-------- DATA --------
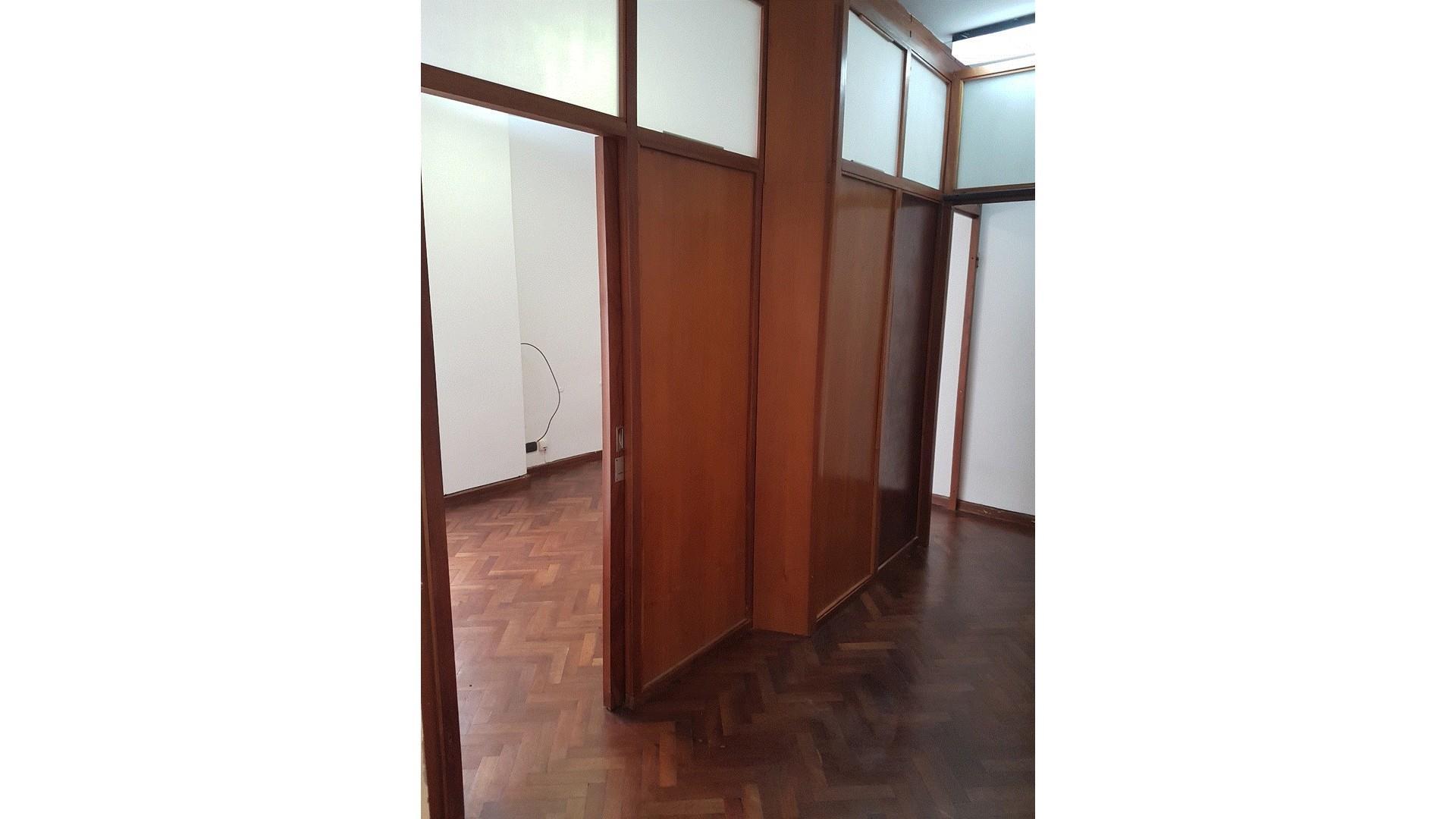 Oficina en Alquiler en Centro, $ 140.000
--------
-------- DATA --------
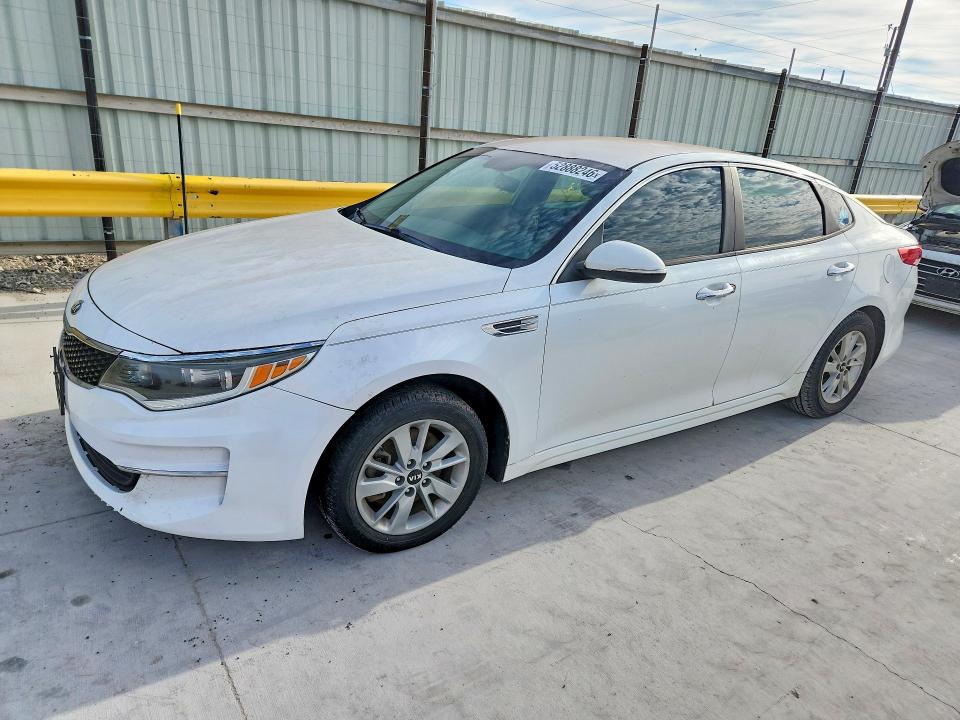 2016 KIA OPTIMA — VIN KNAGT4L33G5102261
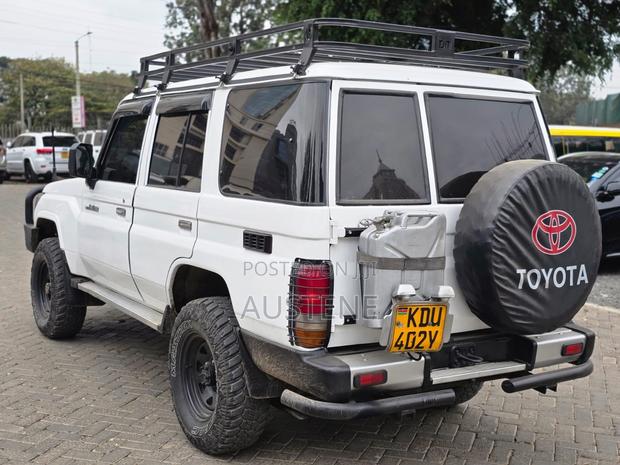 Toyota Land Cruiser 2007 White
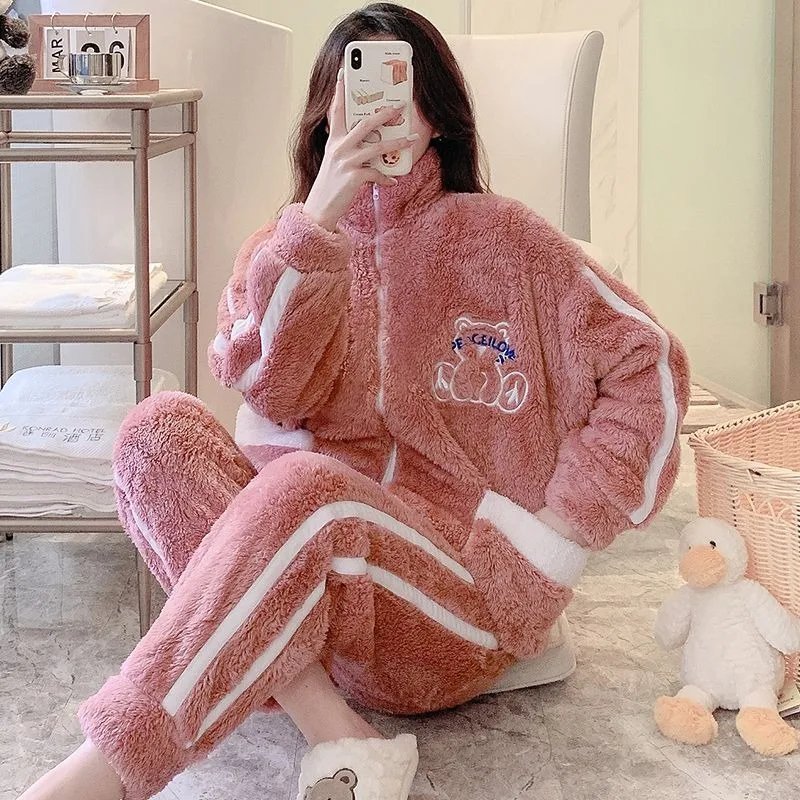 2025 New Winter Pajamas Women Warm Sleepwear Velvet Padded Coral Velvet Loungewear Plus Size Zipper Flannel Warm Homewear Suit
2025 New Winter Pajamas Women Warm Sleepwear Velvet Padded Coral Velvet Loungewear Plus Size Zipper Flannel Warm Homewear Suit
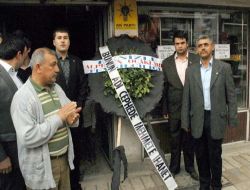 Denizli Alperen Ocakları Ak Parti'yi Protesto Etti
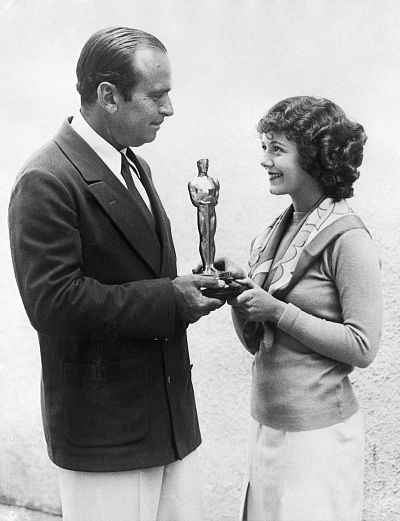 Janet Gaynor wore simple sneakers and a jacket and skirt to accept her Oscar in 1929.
--------
-------- DATA --------
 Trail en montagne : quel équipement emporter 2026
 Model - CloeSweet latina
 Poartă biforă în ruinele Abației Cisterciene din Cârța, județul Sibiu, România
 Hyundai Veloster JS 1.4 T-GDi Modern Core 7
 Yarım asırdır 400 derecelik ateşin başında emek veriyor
--------
Could you reproduce, exactly, every line above from the line with "Model - CloeSweet latina" to the line with "Yarım asırdır 400", and no other line? Both ends count.

 Model - CloeSweet latina
 Poartă biforă în ruinele Abației Cisterciene din Cârța, județul Sibiu, România
 Hyundai Veloster JS 1.4 T-GDi Modern Core 7
 Yarım asırdır 400 derecelik ateşin başında emek veriyor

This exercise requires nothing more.